By Freya Thomas, English Literature First Year.
The Scottish National Gallery of Modern Art is currently holding an exhibition titled ‘I want to be a machine’, which features the work of leading American pop artist Andy Warhol alongside the lesser-known work of Eduardo Paolozzi.
Born in March 1924 in Leith to Italian immigrant parents, Eduardo Paolozzi was brought up in Edinburgh during the war. He subsequently studied at art schools both within Edinburgh and in London, culminating in a move to Paris where he aimed to live and work. The influence of many of the surrealist and cubist European artists that he became acquainted with in the city, most notably Alberto Giacometti, can be felt in much of his later work; surrealism is interlaced in a unique and innovative way with aspects of modern machinery and popular culture.

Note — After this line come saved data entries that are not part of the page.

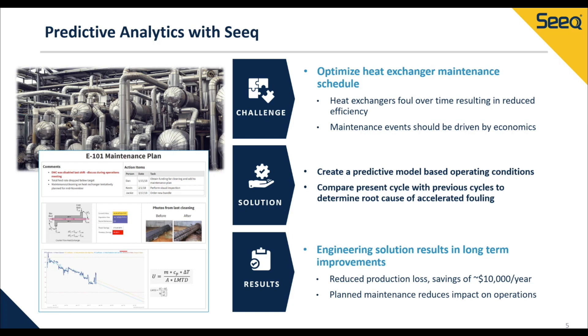As new operational data becomes available, the model can be retrained in order to give an updated calculation as we approach a given maintenance event.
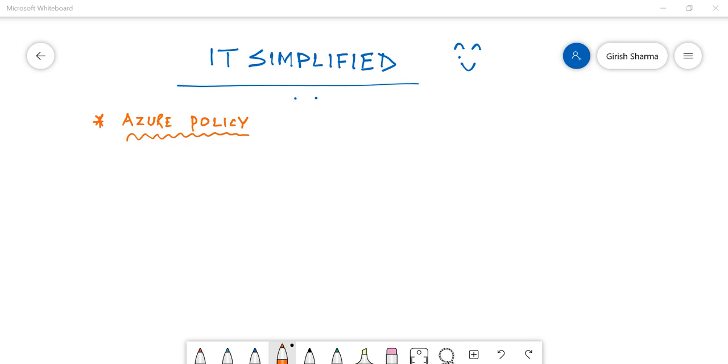Good morning, good afternoon, and good evening everyone to the channel IT Simplified. I hope you're finding these videos useful and subscribing to my channel. In today's video on Azure, I'm here to talk about Azure Policy.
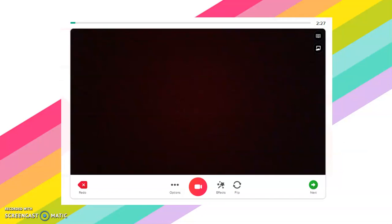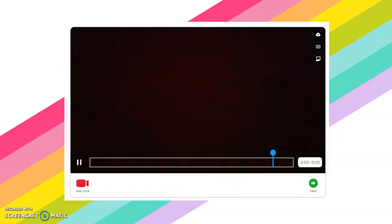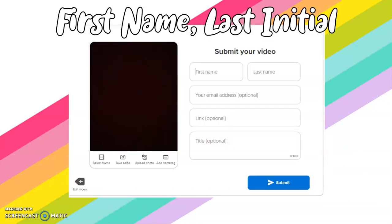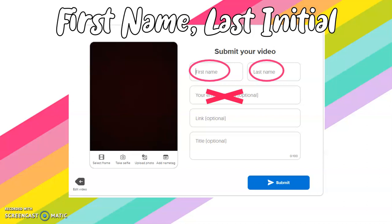After that, it will take you to a screen like this and you're going to have a chance to record yourself playing. You can click the Redo button right here at the bottom, and once you're happy with the way it looks you will click Next. That will give you a chance to review your video and if it's what you'd like to submit, you're going to click Next one more time. After that you're going to have a chance to take a selfie and that will be the cover of your video. The only thing you need to enter is your first name and your last initial — you do not need to enter your email address, a link, or a title.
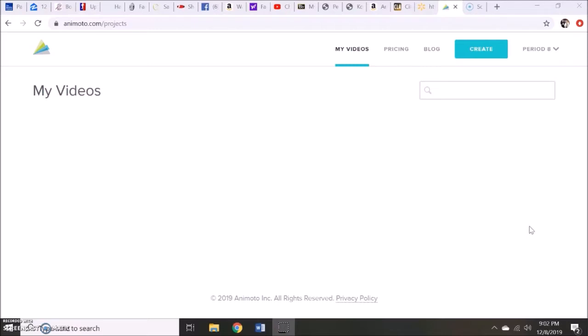Hi, this is Christina Loyley and today I'm going to be doing a brief mini lesson on the features that you could use through Animoto.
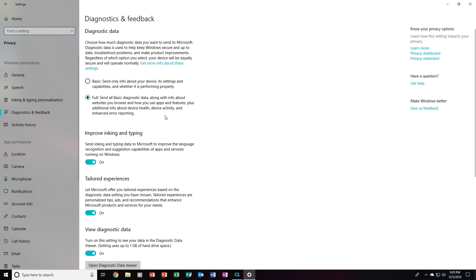Diagnostics and Feedback — this is where it gets a little tricky. With Diagnostic Data, you'll see there is a Full Option and a Basic Option. The Full Option sends all of the Basic Diagnostic Data in addition to websites you browse, how you use apps and features, Device Health, Device Activity, and Advanced Error Reporting. But we don't want that — we will want to set that to Basic instead.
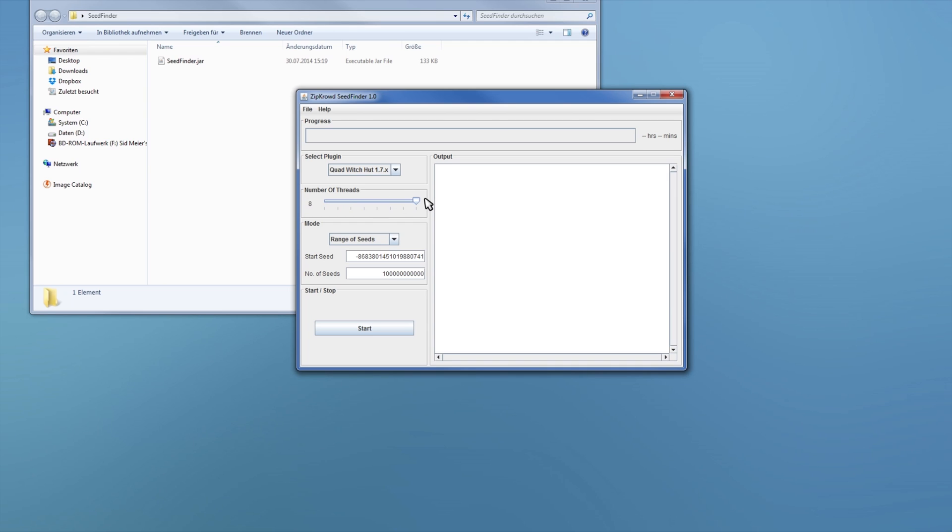So on my system I have 4 cores only, but with hyperthreading, so it shows me 8. So if I want to not use up the whole CPU power, I have to go through less than half of the number of threads.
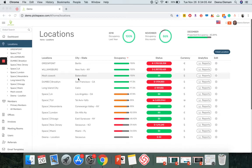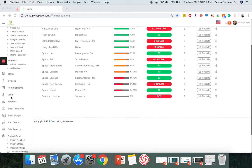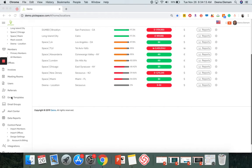Hello! In this video, I will show you how to import in bulk for members and offices. To do so, look for Import Members and Offices on the control panel.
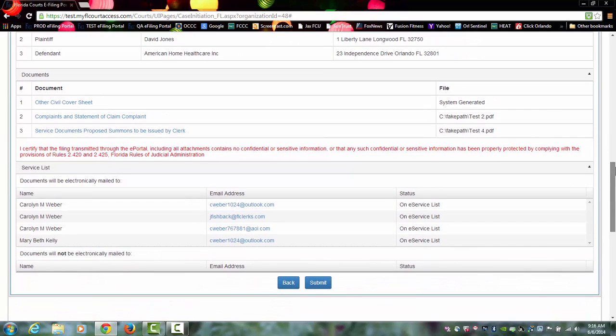Next, it lists the documents that you uploaded and gives you the actual name of the document that you used when you created this document through your word processor and saved it as a PDF document.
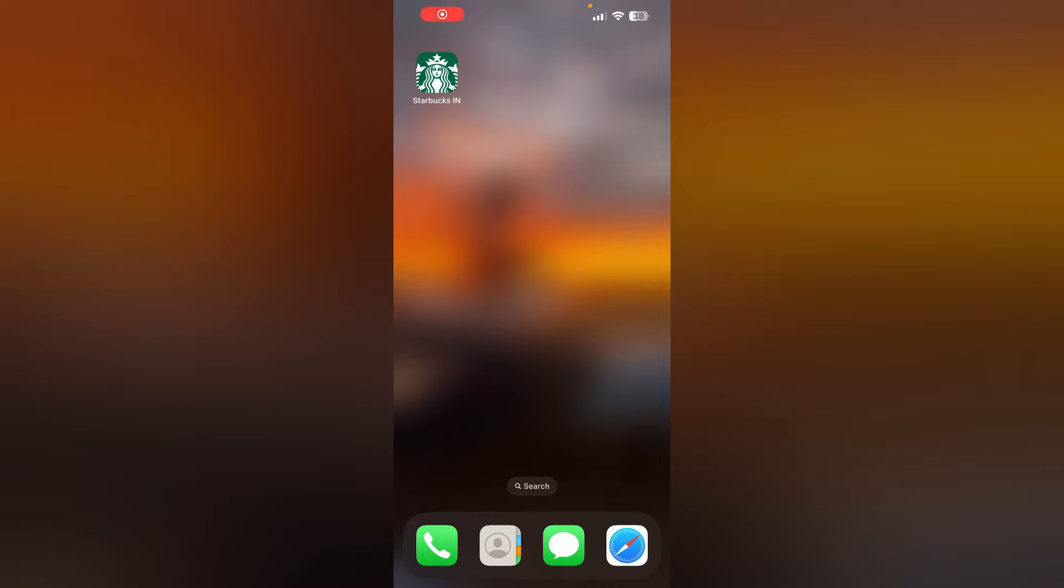Hello guys, welcome to another video where we'll discuss how to fix the Starbucks app when it won't let you change your name. Are you having trouble changing your name in the Starbucks app? Don't worry, this video will help you find a solution.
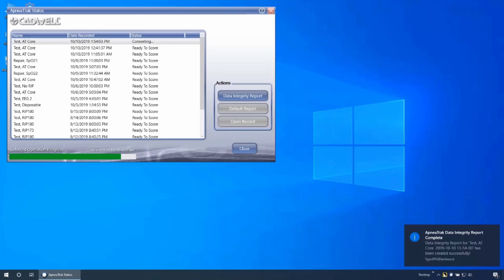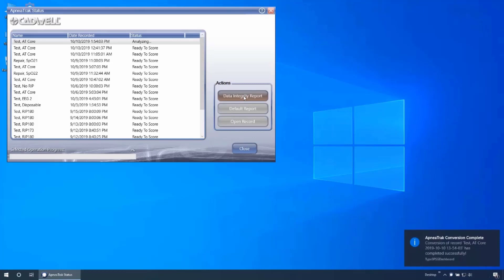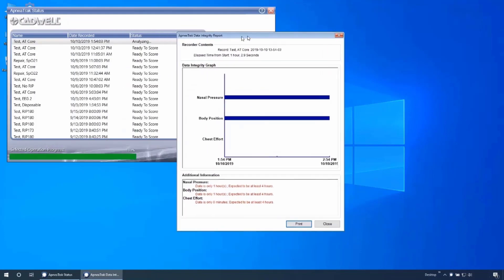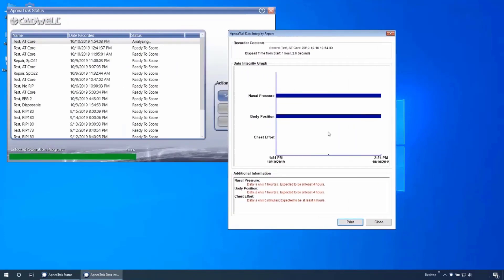During the process, the Data Integrity Report button will activate. Clicking this button will open the Data Integrity Report window, getting a summary of the amount of data present during the recording.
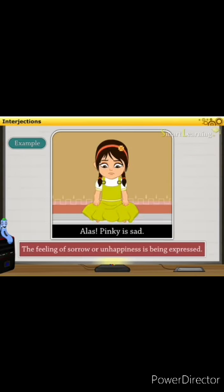Let us take another example to understand it better. Alas, Pinky is sad. Here we understand the feeling of sorrow or happiness is being expressed. Ethi, aasi, ehmis, samajdehaan ki ees example de vezh, dukh di pavna noh prakat kita gya hai.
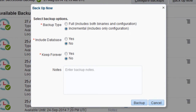In the Backup Now dialog box, set the options you require for the backup. I'm about to make a major change to my service, so I'll set the backup type option to full. A full backup contains binary files and configuration files. An incremental backup contains only configuration files.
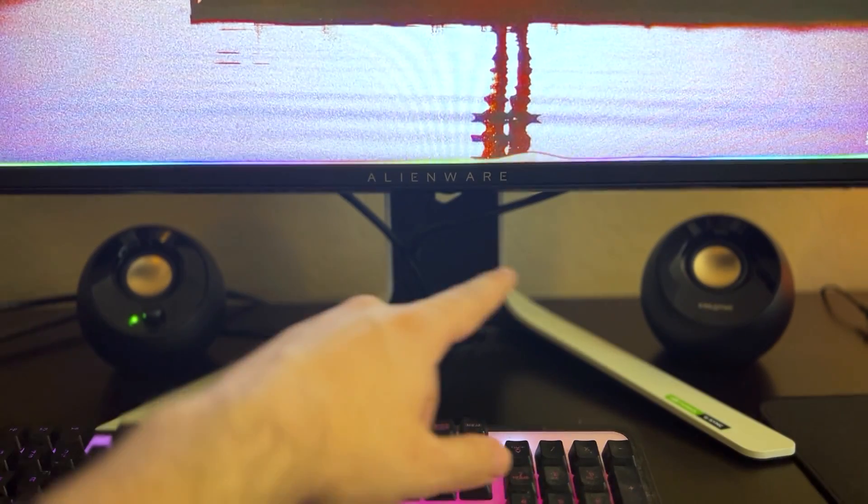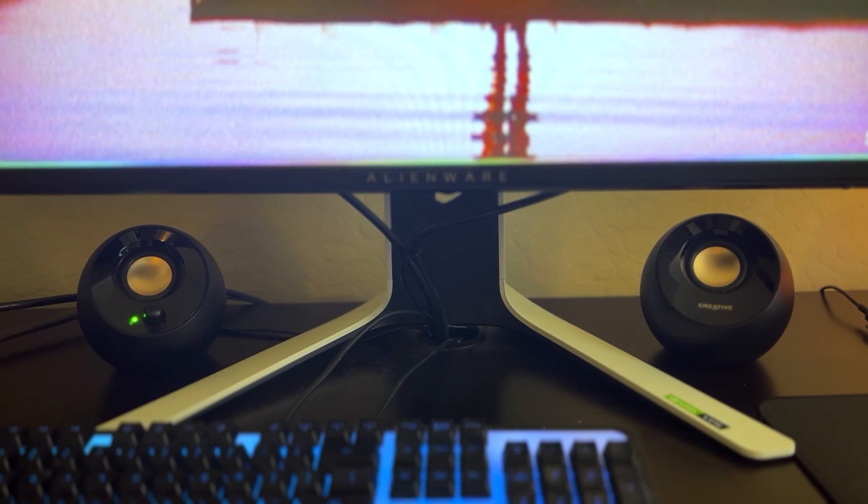Hi guys, just want to give you some thoughts on these Creative 2.0 Pebble speakers as an owner for over two years now.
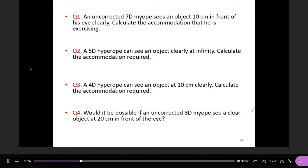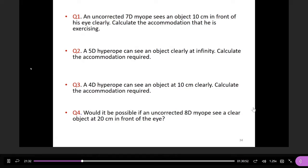From this example, if you have hyperopia and don't use any optical device, to see an object clearly at infinity you must use your accommodation to compensate for the refractive error. Five diopters can be a lot, particularly for middle-aged or elderly individuals. For children it may be okay since they still have sufficient accommodation available for that compensation.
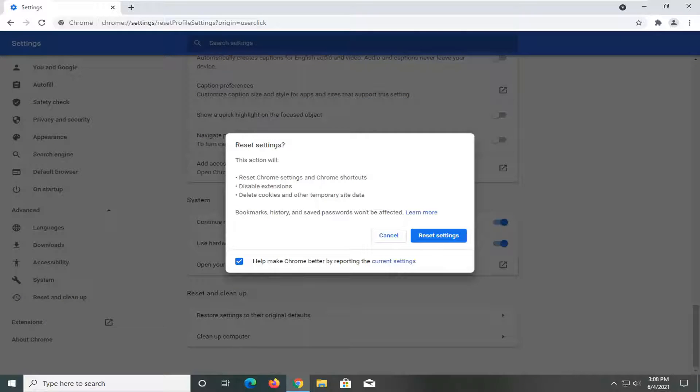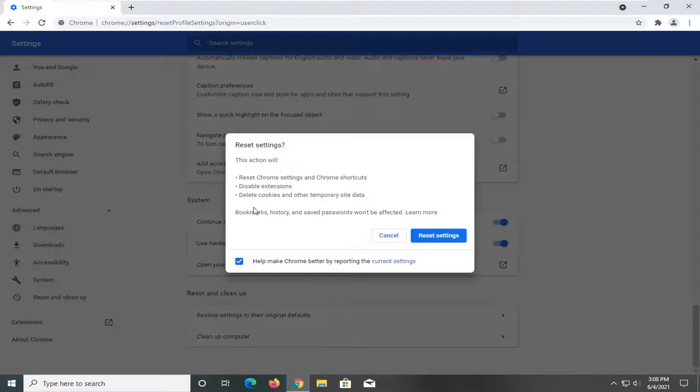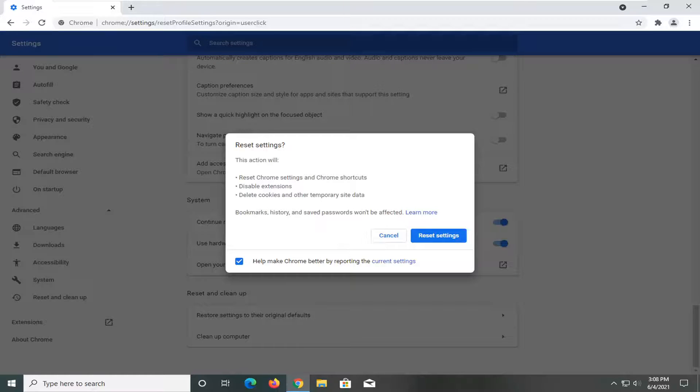You can see that it says that this action will reset Chrome settings and Chrome shortcuts, disable extensions, and delete cookies and other temporary site data. Bookmarks, history, and saved passwords won't be affected.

In 1952, having moved back to London, Paolozzi founded the Independent Group, ‘a radical group of young artists, writers and critics who met […] in London in the 1950s, and challenged the modernist (and as they saw it elitist) culture dominant at that time, in order to make it more inclusive of popular culture’ (Tate). The work of this group is often seen as being responsible for the first expressions of pop art, and as the precursor to the pop art movement.

Much of Paolozzi’s work, particularly those works shown in the Edinburgh-based exhibition, explore the relationship between man and machine. Paolozzi blurs the lines between the human and the robotic in his art, using fragments of machinery to form humanoid sculptures such as St. Sebastianand creating screen-prints such as Automobile Head, which explores ‘the way that machine technology might usurp biological functions’ in its depiction of a mechanical mind. The more you look at these works the more your understanding and explanation of them wavers: is the human being merely assembled from the machine, or does the machine take its vitality from its close resemblance to the human?
Paolozzi’s extensive collage work in the late 1940s also explored this relationship between humans and machinery in a lighter way, using glamorised pictures of gadgets and technology from contemporary magazines to underline the materialistic nature of modern society. Some of these collages, shown in the ‘I want to be a machine’ exhibition, were to become a vital source of material for the Pop Art movement that emerged in subsequent years.

The free exhibition is on until June 2nd, but even if you miss it you can still see a number of Paolozzi’s works in the gallery’s permanent collection, enjoy a coffee under Paolozzi’s 7.3-meter-high steel Vulcan in the foyer, and admire the ‘Paolozzi workshop’, a room filled with Paolozzi’s donated work and tools in artist-studio style.
“I suppose I am interested, above all, in investigating the golden ability of the artist to achieve a metamorphosis of quite ordinary things into something wonderful and extraordinary.”